Lors de la 10154e séance du Conseil de sécurité, consacrée à la protection des civils en temps de conflit, la République démocratique du Congo a réaffirmé son attachement au droit international humanitaire, aux principes de la Charte des Nations Unies et à la protection effective des populations civiles, du personnel médical et des travailleurs humanitaires.

Dans sa déclaration, prononcée par l’Ambassadeur Zénon Mukongo Ngay, la RDC a souligné que la protection des civils doit aller au-delà d’une réponse strictement sécuritaire. Elle doit reposer sur le renforcement des capacités nationales, la prévention des conflits, le traitement des causes profondes de l’instabilité, l’accès humanitaire sans entrave, la lutte contre l’impunité et une stratégie politique cohérente en faveur de la paix.

La déclaration de la République démocratique du Congo est publiée ci-dessous dans son intégralité.


Monsieur le Président,

La République démocratique du Congo remercie la Chine pour l’organisation de ce débat public consacré à la protection des civils dans les conflits armés, ainsi que Madame Edem Wosornu et Madame Mirjana Spoljaric pour leurs exposés et pour l’engagement constant de leurs institutions respectives en faveur des populations affectées par les conflits armés.

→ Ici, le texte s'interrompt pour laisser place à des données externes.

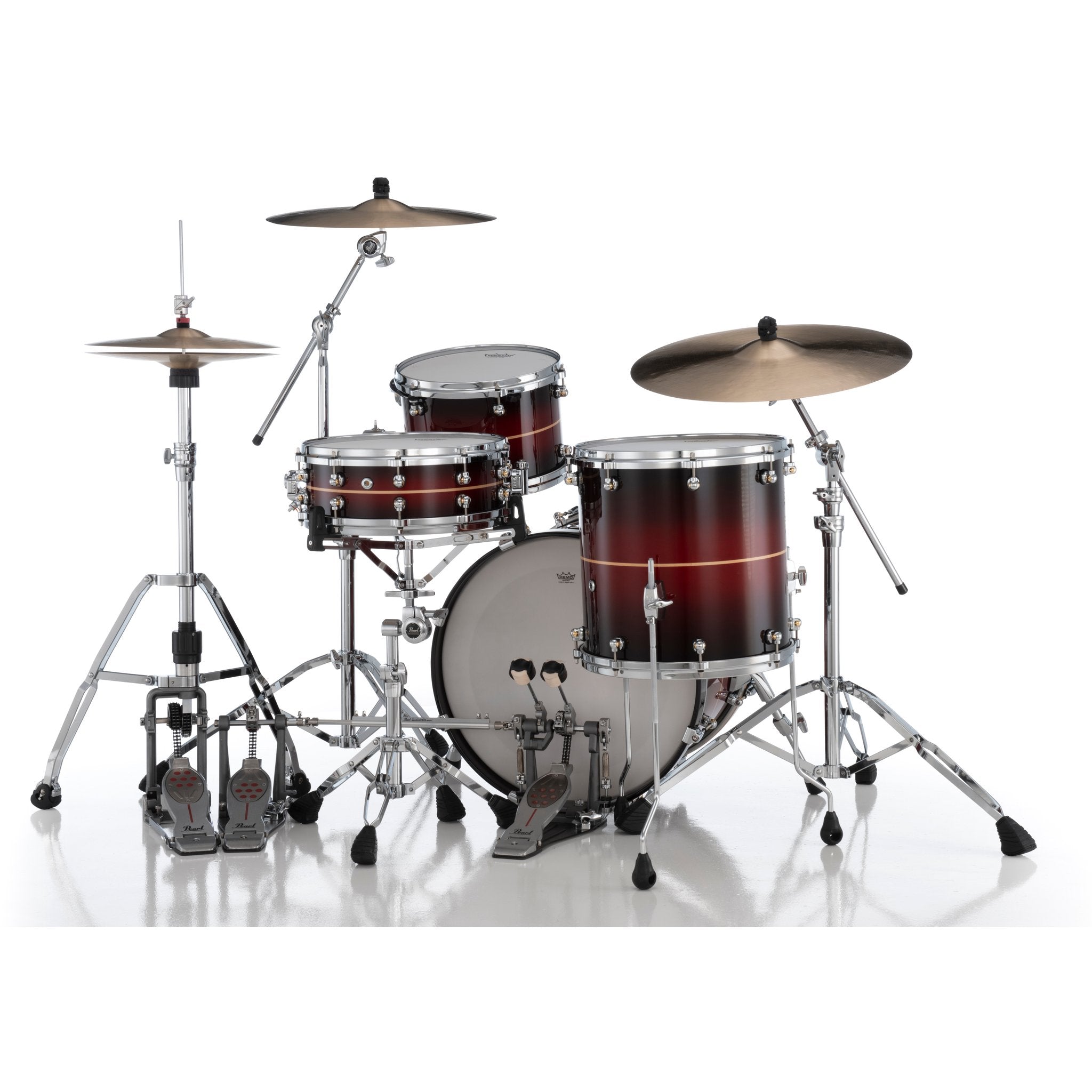 Pearl Reference One 3-piece Drum Set Shell Pack - 20" Bass Drum - 12mm Tom Mount - Natural Banded Redburst - Image 4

La République démocratique du Congo salue l’opportunité de ce débat qui intervient dans un contexte international marqué par une dégradation préoccupante et prolongée de la paix et de la sécurité internationales que témoigne notamment la démultiplication des théâtres de conflit tout aussi complexes et interreliés, et pour lesquels les populations civiles payent un lourd tribu.

Monsieur le Président,

Quatre-vingts années après la création de notre Organisation, force est malheureusement de constater que les promesses et objectifs des fondateurs des Nations Unies en matière de paix, de sécurité et de respect des droits de l’Homme demeurent profondément fragilisées.

La multiplication des théâtres de conflit, leurs interconnexions complexes sans oublier la sophistication croissante des hostilités ainsi que de l’effacement progressif de la frontière entre l’espace militaire et l’espace civil constituent autant de signaux d’alarme auxquels la communauté internationale se doit de répondre avec la plus grande fermeté. Car au cœur même de cet entrelacs conflictogène, se trouvent des populations exposées à déplacements forcés, à des violences indiscriminées ; des situations tragiques qui s’accompagnent souvent de destructions d’infrastructures essentielles et de contraintes aussi indicibles qu’inacceptables qui pèsent sur les travailleurs humanitaires.

Ce tableau serait incomplet si l’on omettait d’en identifier la dynamique sous-jacente : l’érosion de la diplomatie au profit d’une logique de confrontation absolue. Or, nous constatons que là où la diplomatie recule et où le dialogue cède la place à une logique de confrontation sans horizon politique, c’est invariablement la population civile qui en supporte les conséquences les plus dramatiques. Chaque escalade supplémentaire, chaque intensification des hostilités éloigne un peu plus les perspectives d’un règlement pacifique et durable, fragilisant du même coup les fondements sur lesquels repose notre architecture collective de paix et de sécurité.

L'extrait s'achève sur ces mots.